It’s the second year in a row the monsoon has gone largely missing, which leads me to a dire if irrational thought: maybe the wall is working. Because the purpose of the wall has always been more than the practical matter of deflecting people from crossing on foot. It’s been more about deflecting the whole idea of the South. It has been a symbol of how thoroughly many want not to be confronted with the reality of places where skins are darker, where people live closer to the bone, where the indecipherable languages are always going to sound like a threat, where the very existence of so many diverse ways of living casts into doubt the easy certainty that ours is the best way.
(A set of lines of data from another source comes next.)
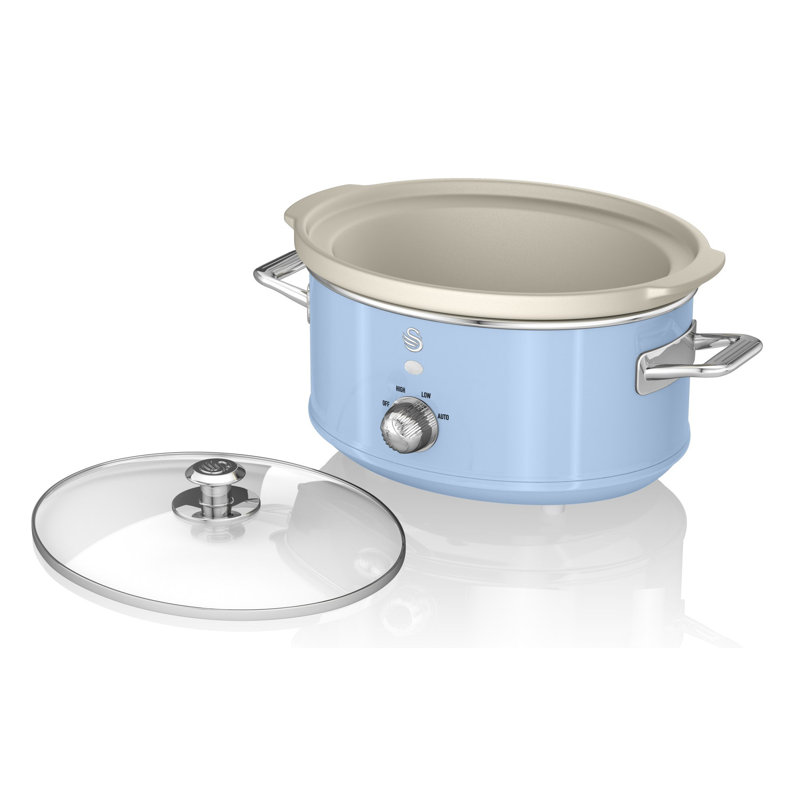 Swan Retro Slow Cooker with 3 Temperature Settings, Keep Warm Function, 3.5L, 200W, Blue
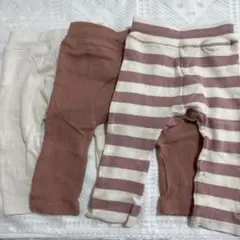 ベビーパンツ3点セット ピンク・白・ピンクと白のボーダー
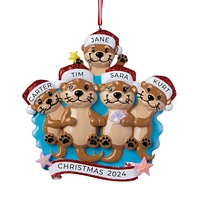 Otter family of 5 Ornament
And so I tend to think of the wall as inseparable from the way in which our own nation is the leader in changing the world’s climate, because the South is where the new pace of change is affecting lives more deeply than it is north of the border, at least for now, and it is largely the new unpredictability of drought and flood and famine that is sending poor people north in their desperation. And so from a certain point of view it makes sense to think of the wall, that desperate presidential declaration of might, as something like the giant ice wall in Game of Thrones, a bulwark so high and so mighty that it can even keep out the way the weather is changing down south.
As a physical conception it’s pretty obvious that this way of thinking has holes in it—hell, the wall itself as a structure has holes in it—but as a symbol the wall is one more way of expressing an increasingly desperate flavor of American exceptionalism, the one that says Global warming? Global’s not us! Global is the rest of the world.
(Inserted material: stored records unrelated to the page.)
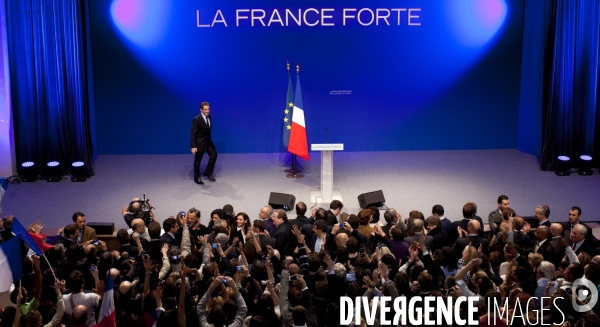 Nicolas sarkozy a la mutualite au soir du premier tour des elections presidentielles 2012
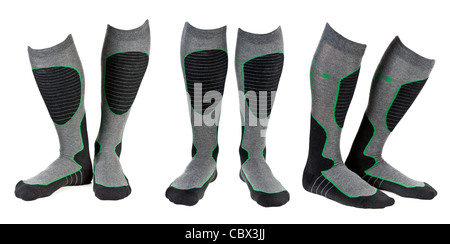 A collage of three pairs of gray ski socks. The image is composed of several images. Stock Photo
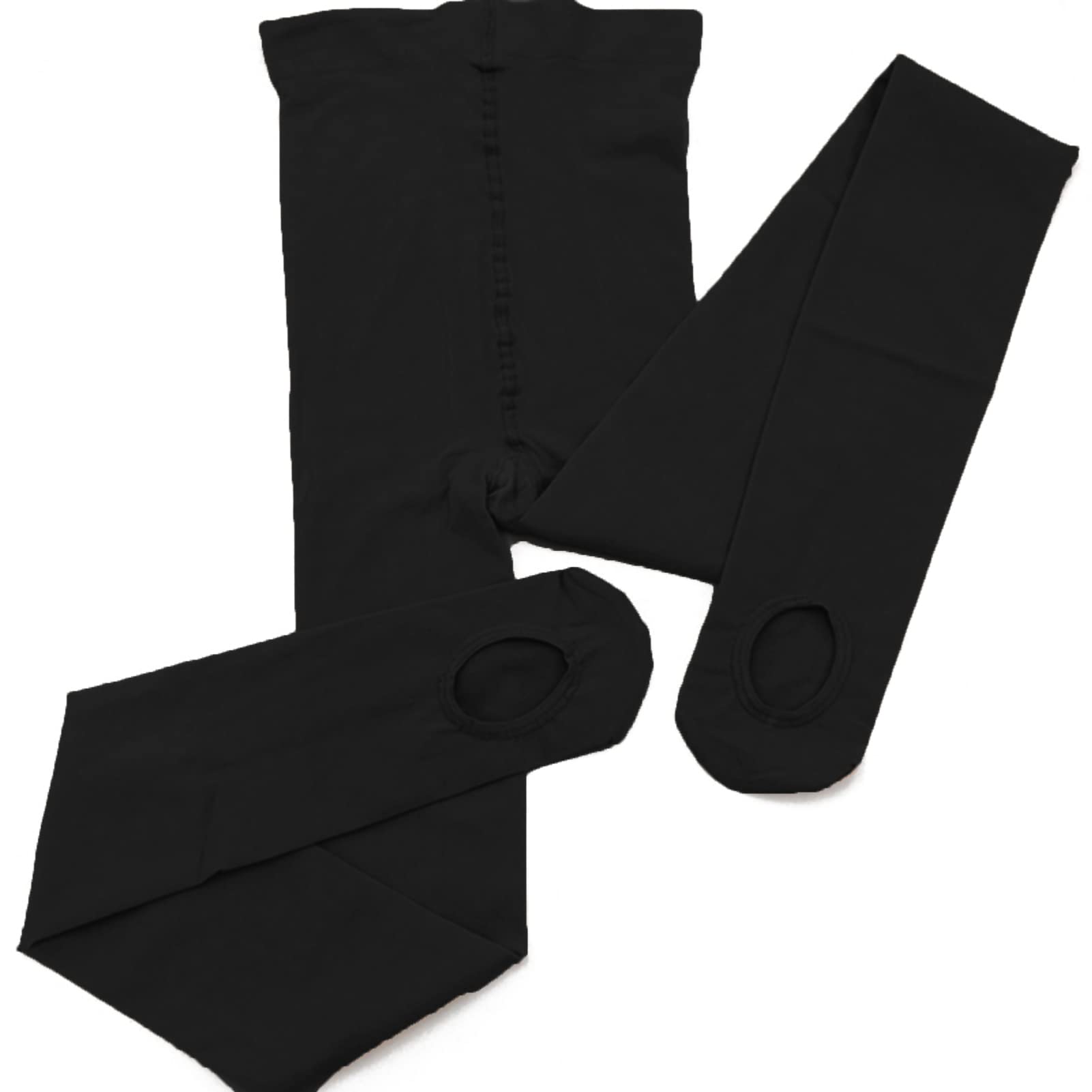 Black Footless Dance Tights for Women & Girls - 70 Denier Opaque Ballet Tights with Convertible Stirrup - 2 Pairs Pack - Perfect for Ballet, Yoga, and Dance Performances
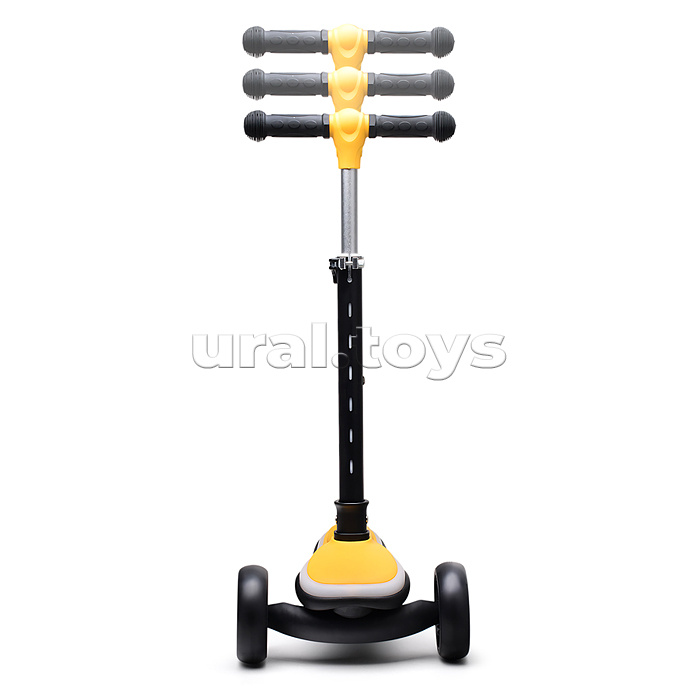 Самокат трёхколёсный ROCKET светящиеся колеса PU, дека, рулевая стойка, цвет жёлто-чёрный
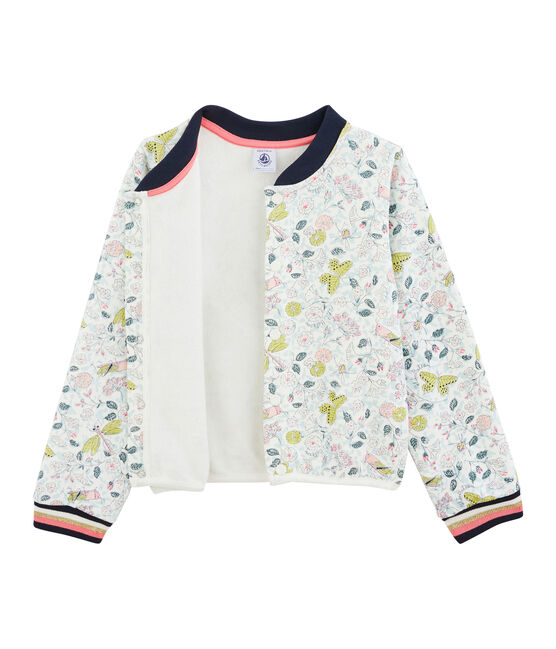 Kinder-Cardigan für Mädchen weiss MARSHMALLOW/weiss MULTICO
As a July of patchy and highly localized rains gives way to a so-far achingly dry August, it is hard to avoid the thought that something is truly and deeply amiss. Last year, during a dry monsoon season, I was skeptical about the way friends would so readily point to climate change as the cause. The monsoon’s always been unpredictable, I’d point out, and the science on how it interacts with climate change is not nearly as clear as that which suggests a warming and drying trend in the Southwest winters. Much that same language is in a book I’m writing about climate change, which includes the thought that our senses are pretty flawed tools for detecting gradual change. And so comes another dire thought: not only do I have to keep watering the vegetable garden every damn morning during a season in which I’d expected only ease and lushness and a ready harvest, I may also have to change the argument of that part of the book. It’s hard when reality smashes up into what seems a well-formed idea.
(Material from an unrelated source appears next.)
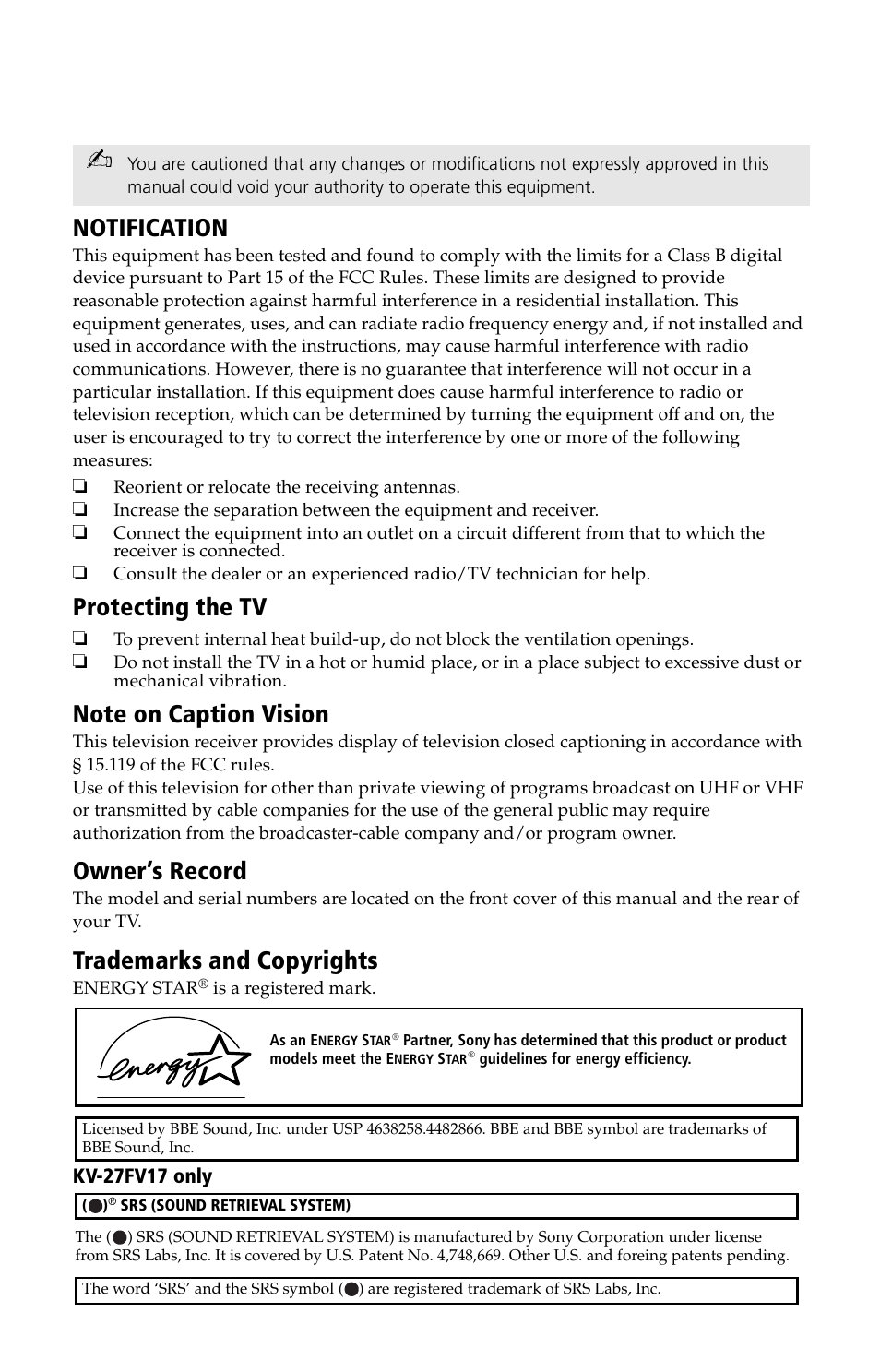 Notification, Protecting the tv, Owner’s record | Trademarks and copyrights, User guide | Sony KV-27FV17 User Manual | Page 4 / 64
Still, it’s ridiculous to think that the building of a wall along our southern border would have anything to do with the widespread failure of a life-giving weather pattern coming up from the south. Right? Could the dreams of those who would seal off our nation be coming true to that extent? If so they would be succeeding primarily in making the Southwest a far less livable place. It’s easy to imagine the language: an invasion of moisture coming up from the south, caravans of clouds massing, illegal border crossings all through the Chihuahuan Desert and the sky islands. Why should the clouds of Mexico darken Arizona skies? Shouldn’t our skies be seeded with American thunderheads?
These are the thoughts that drift like cumulonimbi through the too-warm evenings when I can’t quite sleep, the sort of renegade juxtapositions that make all the sense in the world during dreamtime but slip into absurdity the moment we wake. I suppose seeing climate change happen—or feeling it happen—is like that: there is such a disconnect between the magnitude of the change we are experiencing and the comfortable certitude we were brought up to believe in that the feelings themselves make no sense. Could it be that the monsoon will no longer be a regular feature of the summers as our giant global experiment continues? What other foundations are shaking?
The thought is chilling, and it’s not the sort of chill I crave in these hot months. That’s a different sensation, and one I did get in July. Three weeks ago we experienced our last, for now, monsoon storm, up on the Kaibab Plateau. We drove south from Jacob Lake toward the place where we wanted to camp. It’s a winding road atop the plateau, and with each twist and turn the view of sky changed. To the east and southeast the sky was slate gray with a deep dark monsoon cloud. To the southwest, nothing but blue skies. Which way was the weather moving? we wondered. Was the rain coming or going? As we came around another turn we saw the answer: the storm had just passed, and its signature was drifts of pea-sized hail on the roadside.
We couldn’t help but stop and dig our hands into the new ice. We’d come up from the heat and here we were, shivering in our hastily donned fleeces, flinging loose hail balls at one another, in a sort of giddy shock of surprise. To the east we could see the bank of dark cloud pulling rapidly itself away from us, and it didn’t return.